Most physics-based puzzle games involve getting an object (it’s usually round) from point A to point B. The physics model – gravity, inertia, friction – handles most of the moving. Working out how to make the physics do what the player wants is the puzzle. Reaching that solution is a kind of experimentation. Look at the puzzle, imagine a possible solution. Patch it together using the tools the game provides. Press the “start” button, observe what happens. When something goes wrong, make modifications. Eventually, this process of observing and refining leads to the true solution.

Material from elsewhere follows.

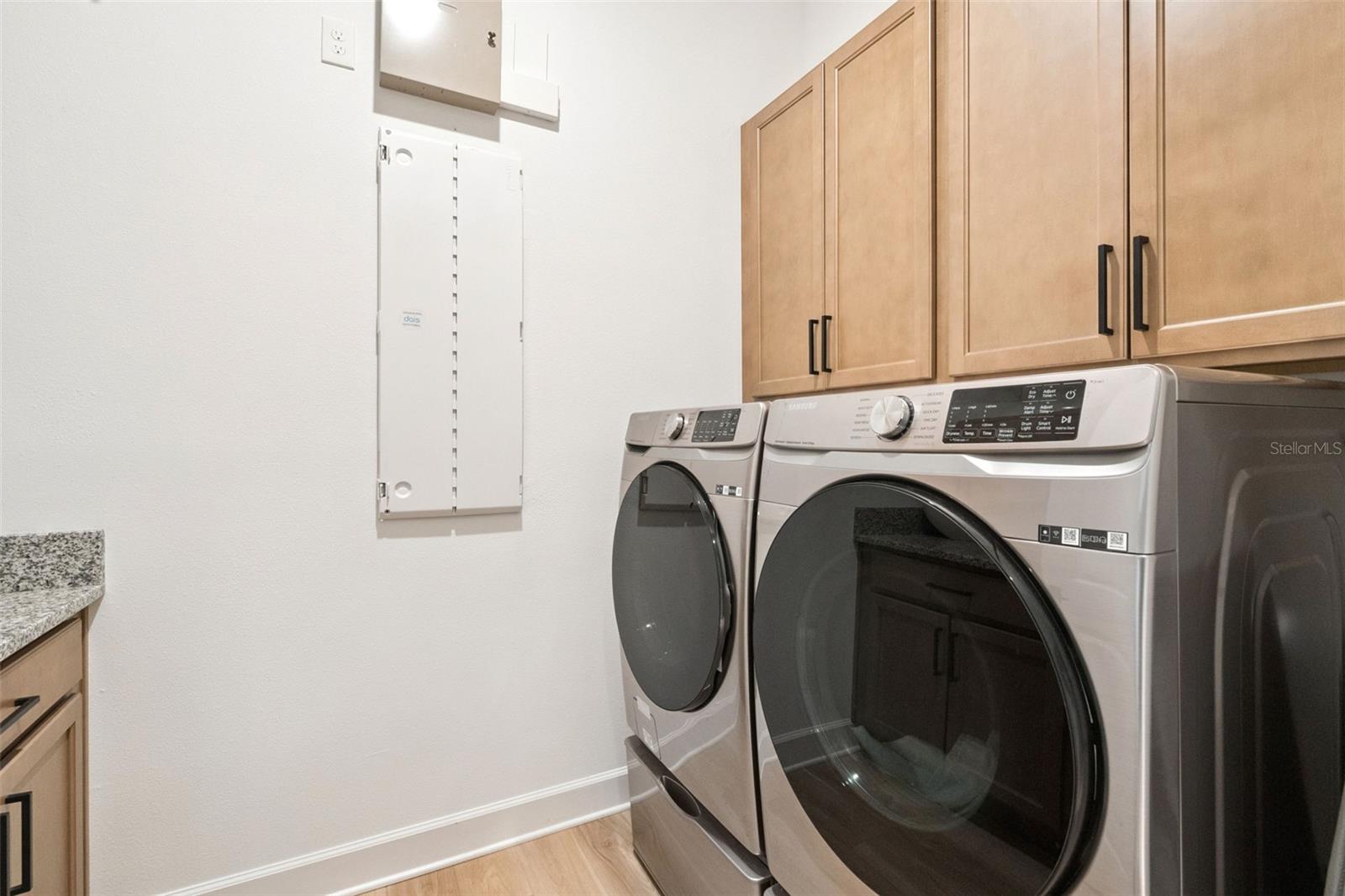 WESLYN PARK PH 2 - Residential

Which brings me to CGS Software’s Barrel Mania.
Big Puzzles
The critical object in Barrel Mania is, of course, the barrel. Like most physics game lynchpins, it rolls, bounces, and falls. It’s blown up by a variety of hazards, from lava pits to mines. To make sure it isn’t destroyed on the way to its destination, the player is given a number of “gadgets”. These stick-like objects can be drawn anywhere at any angle, serving as platforms, ramps, and rails.
The player gets a bunch in each stage. The stages are enormous, usually several screens in length and width. The player is scored on how many pieces are left unused at the end, like in most physics puzzle games. However, the game’s secondary goal is to collect stars, which are scattered in difficult-to-reach nooks in each stage. To reach all of these stars, the player can’t be shy about using lots of gadgets. Barrel Mania encourages the player to build big.
It’s not a game of quick flashes of insight, but one of dedicated building and measured progress. Huge stages need to be mentally broken down and worked on one a piece at a time. The reward for a slow, dedicated effort is the sight of a vast, seemingly insurmountable landscape slowly transforming into a neat pathway of rails. The only way through is experimenting, observing the results, and refining a solution until it works.
Unlucky Breaks
What makes working out that solution difficult is a surprising amount of randomness in the game. I can run the same experiment twice and get two different results. On one try the barrel might get to the goal; on another, it might bounce into a pool of lava. One time the barrel might grab every star; the other time, it might miss one. It makes the game more exasperating than it needs to be. It’s hard to refine a solution based on the results of a test run if those results can’t be counted on. In a physics-based puzzle game, physics should be more important than luck.
There are also timing-based objects that exacerbate the problem. Some stages have lasers that fire periodically, sometimes missing the barrel, sometimes destroying it instantly. Worse are the spinning platforms, which might be in any position by the time the barrel reaches them. In the ten demo stages I played, I tried to avoid the spinners as much as possible by directing barrels around them. When contact was unavoidable, I built funnels that would compensate for a variety of possible outcomes. It feels sloppy and inefficient. What’s unfortunate is that the simple solution would have been to have all the objects in a stage reset to their starting positions each time the experiment is run.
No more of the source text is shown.